CS 764, Fall 2019: Topics in Database Management Systems

Coordinates: MWF 8:00-9:15 in 1257 CS (first class on Friday Sept-6)
Instructor: J. Patel
Office Hours: Wed 9:15-10:15AM or by appointment

Description

This course covers a number of advanced topics in the development of data management systems and the application of such systems in modern applications. The topics discussed include advanced concurrency control and recovery techniques, query processing and optimization strategies, advanced access methods, parallel and distributed data systems, extensible data systems, implications of cloud computing for data platforms, and data analysis on large datasets.

The course material will be drawn from a number of papers in the database literature.
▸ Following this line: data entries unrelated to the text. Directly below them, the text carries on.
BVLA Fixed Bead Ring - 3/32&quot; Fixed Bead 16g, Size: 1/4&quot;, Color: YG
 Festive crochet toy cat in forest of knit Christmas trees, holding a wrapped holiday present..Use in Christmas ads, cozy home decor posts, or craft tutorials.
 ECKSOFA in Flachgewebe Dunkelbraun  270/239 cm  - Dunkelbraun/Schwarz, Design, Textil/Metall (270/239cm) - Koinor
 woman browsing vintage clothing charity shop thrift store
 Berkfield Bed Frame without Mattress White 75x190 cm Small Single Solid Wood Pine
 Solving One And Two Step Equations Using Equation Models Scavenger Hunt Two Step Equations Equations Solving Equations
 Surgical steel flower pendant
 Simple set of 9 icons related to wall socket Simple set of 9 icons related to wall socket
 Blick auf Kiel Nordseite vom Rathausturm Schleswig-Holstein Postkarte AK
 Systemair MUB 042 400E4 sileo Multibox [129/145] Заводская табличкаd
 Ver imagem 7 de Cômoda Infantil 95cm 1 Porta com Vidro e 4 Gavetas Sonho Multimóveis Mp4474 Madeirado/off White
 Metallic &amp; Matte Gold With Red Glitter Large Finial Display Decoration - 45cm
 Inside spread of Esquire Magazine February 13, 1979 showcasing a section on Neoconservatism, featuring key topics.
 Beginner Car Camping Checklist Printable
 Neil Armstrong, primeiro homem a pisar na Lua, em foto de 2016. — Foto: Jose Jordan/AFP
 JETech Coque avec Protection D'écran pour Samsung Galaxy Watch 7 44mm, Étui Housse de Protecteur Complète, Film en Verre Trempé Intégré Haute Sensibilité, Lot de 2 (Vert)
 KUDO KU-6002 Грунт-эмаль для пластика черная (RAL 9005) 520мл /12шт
We will cover about 2-3 papers per week. All students in this class are expected to read the papers before coming to the lecture.

Prequesites: CS 564 or equivalent. If you have concerns about meeting the prerequisties, please contact the instructor.

Text: There is no formal textbook for this course. The reading list is a collection of papers, which is posted on the course web page.

Reference text: The following two sources will be used occassionally in this course. Note you don't need to buy these books.

Red Book: Readings in Database Systems (5th edition) - edited by Bailis, Hellerstein, and Stonebraker.
Cow Book: Database Management Systems (3rd edition) - by Raghu Ramakrishnan and Johannes Gehrke, McGraw Hill, 2003.

Course Project

A big component of this course is a research project. For the project, you pick a topic in the area of data management systems, and explore it in detail. I will provide a list of suggested project topics, though you are free to select a project outside of this list provided you get prior approval. I require that you meet with me periodically throughout the semester updating me on the progress of your project. I will help with the direction, but unless you take the initiative to actively explore the topic you choose, you are unlikely to accomplish much in the project (which will adversely affect your project grade).

The course project is a group project, and each group must be of size 2-3. Please start looking for project partners right away. I will facilitate informal group formation by holding a socializing session at the end of the first few lectures, but it is your responsibility to form and manage groups.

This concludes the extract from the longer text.